Historian hopes to share the past of Redding and Easton


Local historian Bruce Nelson stands in front of the historic one-room Adams Schoolhouse in Easton. Nelson recently became curator and executive director of research for the Historical Society of Easton.
Local historian Bruce Nelson stands in front of the historic one-room Adams Schoolhouse in Easton. Nelson recently became curator and executive director of research for the Historical Society of Easton.

Local historian Bruce Nelson is looking to make the history of Easton and Redding easily accessible, as well as encourage young people to want to learn about their town.

Nelson recently took on the job of curator and executive director of research for the Historical Society of Easton, a volunteer position he said hadn’t seen much activity for much of the past 10 years.

As curator, one of the projects he’s working on is digitizing the society’s photo collection.

“My goal is to digitize as much of the collection as possible and get it online where folks can search for what they need and then see it instantly,” said Nelson, 70, a Joel Barlow High School graduate who was born in Weston and grew up in Redding. However, his family history in Easton goes back nearly 200 years.

The digitization process involves scanning, enlarging, cropping and cleaning photos, and making them more clear before storing them in a digital file that is accessible by entering one or two keywords, according to Nelson.

To date, Nelson has digitized and labeled more than 200 photographs and drawings from the collection. “I’m also correcting a good deal of what has already been catalogued, but had either no identification, or had the wrong information supplied,” he said.

In addition, he has taken over the society’s Facebook page, called the Historical Society of Easton, CT. “I’m making several posts a week with photos and historical descriptions,” Nelson said.

Within a few weeks of taking over the page, it grew from an average of 200 views per post to close to 2,000 views per post. On average, there are over 100 comments, shares, or likes on each post.

Each post takes between one and two hours to research, “But it gets people interested,” Nelson said.

His most well received post to date, posted on Aug 5, was a photo of 28-year-old Helen Keller meeting Mark Twain in 1909 at his home in Redding.

“It was in my collection, and was viewed by 95,000 people,” Nelson said. He added that 8,600 people either clicked for more information, commented, liked, or shared it.

The next generation

Another one of Nelson’s goals is to dispel the notion that young people aren’t interested in history.

“The fact is, they are, if it’s presented to them in an engaging method,” he said.

He said when it comes to history, presentation is everything.

“When we were taught history, we were taught battles and memorization. But if you look at people’s houses and explain to kids how life was lived 200 years ago, they are fascinated by it,” Nelson said.

Social media can be a great teaching tool, according to Nelson.

“You go on Facebook and get it instantly. There are lots of visual and a few words set the hook.

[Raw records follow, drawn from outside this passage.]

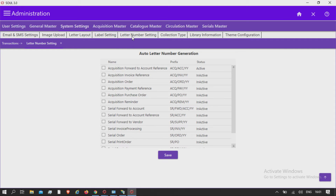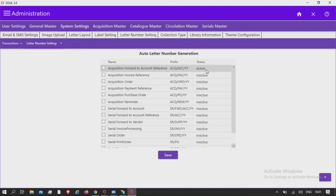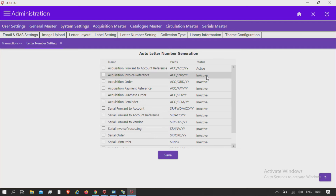In label settings, those labels which have status as active will be displayed in letters and other communications. The following interpretation will be taken for auto number generation: it will also append a numeric sequence number after the prefix you have specified.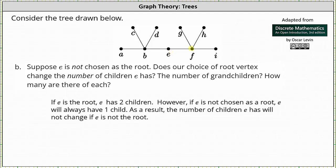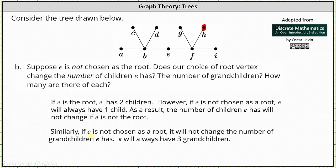And the same is true if we make H the root. Still, E has one child, and that child has three children, which are E's grandchildren. So similarly, if E is not chosen as the root, it will not change the number of grandchildren E has. E will always have three grandchildren. I hope you found this helpful.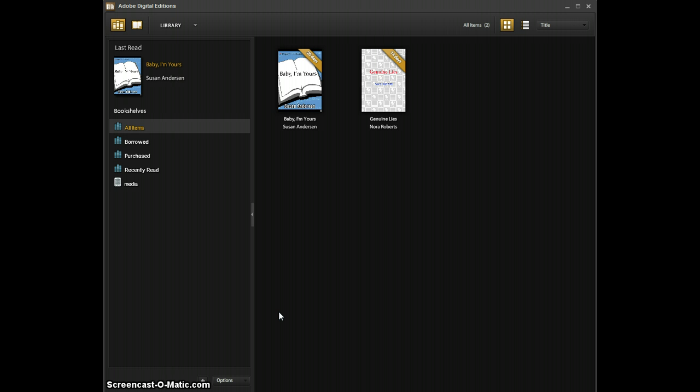The first thing you're going to want to do is open Adobe Digital Editions and you should have this installed on your computer if you've downloaded books from Kansas Audiobooks, Music, and More. This helps you download the books and then transfer them to your player.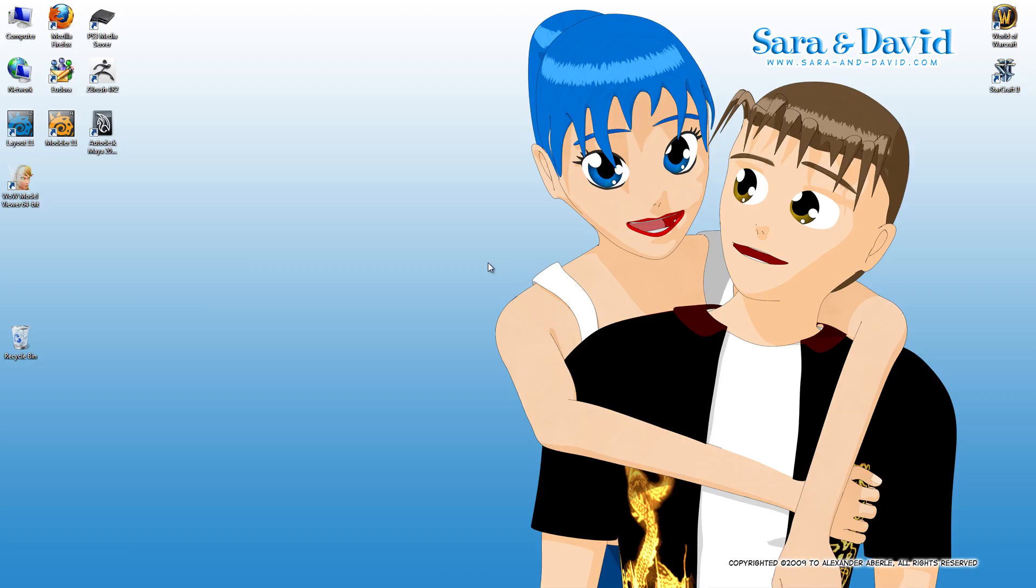Hi and welcome to the first World of Warcraft model viewer tutorial. I'm Kajasi and I'm going to show you the very basics of how to work in model viewer. So I just finished installing the program, so let's start her up.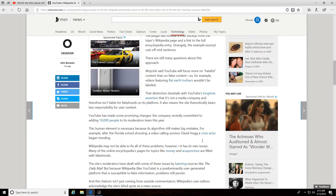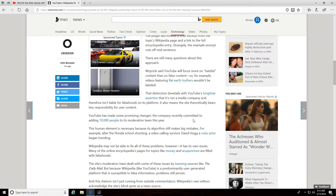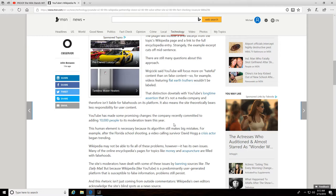Right here it says YouTube has made some promising changes to the company recently committed to adding 10,000 people to its moderation team this year. Which means they hired 10,000 people to view our videos and tell you whether they're worth letting other people watch. I know there's millions upon millions of people making videos, but come on. Do you really need to hire 10,000 more? Probably on top of the 5 or 8,000 you already have watching videos. So what do you have, 20,000 people censoring our videos to flag them, take them down, do whatever they got to do to keep the real information and news from getting out there?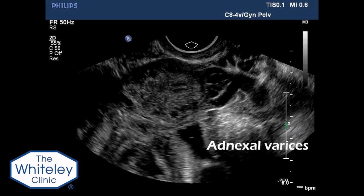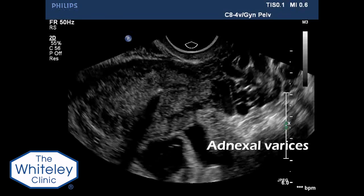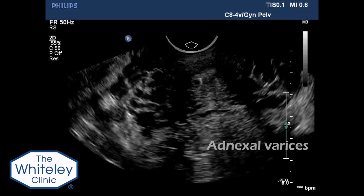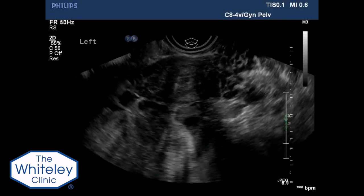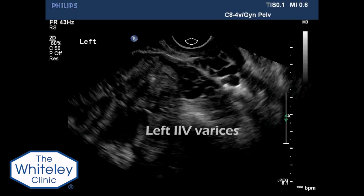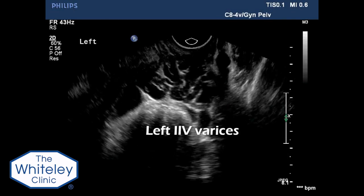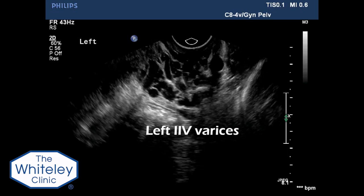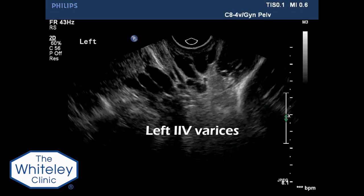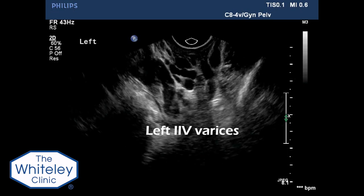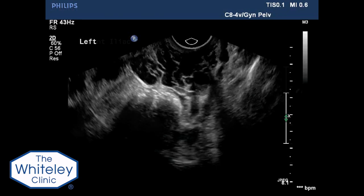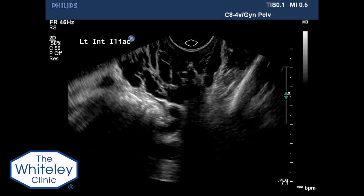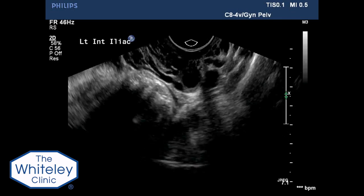The transducer is rotated through 90 degrees to obtain a coronal view. Note the varices lying to the right and left of the uterus. The transducer is angled into the left lateral fornix where the left internal iliac vein can be seen adjacent to the lateral side wall of the pelvis, with varices lying medially.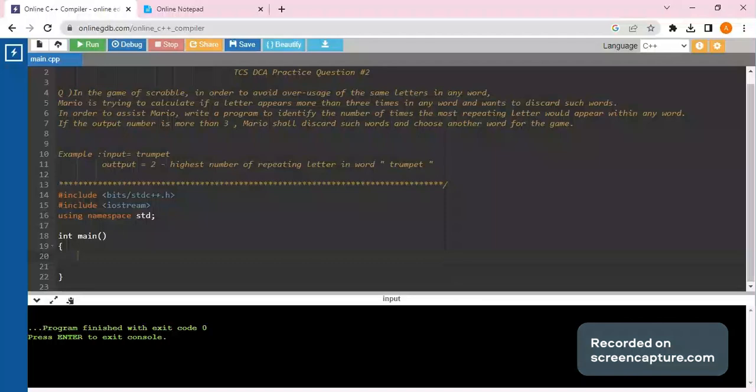Hello guys, welcome back to the channel Noob Coders. Today we are going to solve TCS DCA Practice Question No. 2.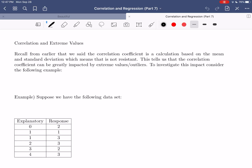Hi, everybody. In today's video, we're going to be talking about how the correlation coefficient can be impacted by extreme values. This is one of two videos that wrap up everything we've been talking about with correlation and regression — it fills in some details from earlier videos. So in this one, we're going to be discussing how extreme values can impact the correlation coefficient.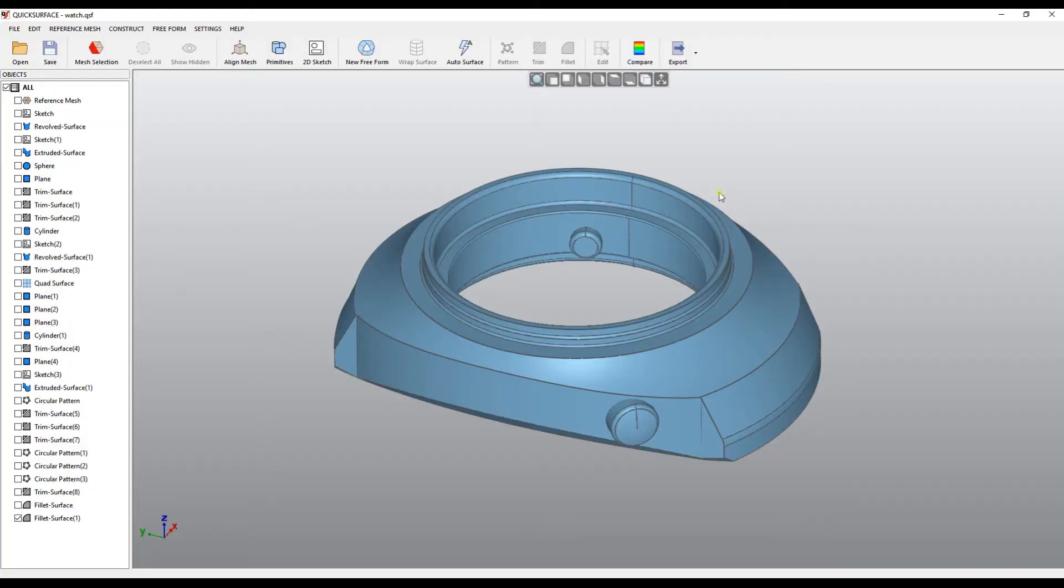Welcome to our next tutorial of QuickSurface. In this tutorial we will learn how to export our reconstructed CAD models for use in other CAD packages.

Give them enough to make them want to learn more and they will keep coming back,” he said. “It’s like casting a baited hook and catching a fish and reeling them in.”

Nelson is also an author, and has written 17 historical novels, one of which he co-wrote with Brent Colley, a Redding native and first selectman of Sharon, whose research and ideas were the foundation of the project.

“The Revolution Comes to Redding” is a 230-page novel aimed at readers ages 12 to 14. It recounts life during the winter of 1778-79, when Gen. Israel Putnam’s army encamped in Redding.

The aim of the book, according to Nelson, is to get young people curious about local history by presenting life during those years through the eyes of a 14-year-old boy’s long-lost journal.

He said he hopes to get the book published and into Redding’s school curriculum.

Other projects

Nelson has just finished identifying and labeling about 200 photographs that were recently donated to the Mark Twain Library in Redding.

“All the photos came with no identification. They were all taken in the Poverty Hollow area of Redding between 1900 and 1915,” Nelson said. “I was able to successfully identify most locations and structures.”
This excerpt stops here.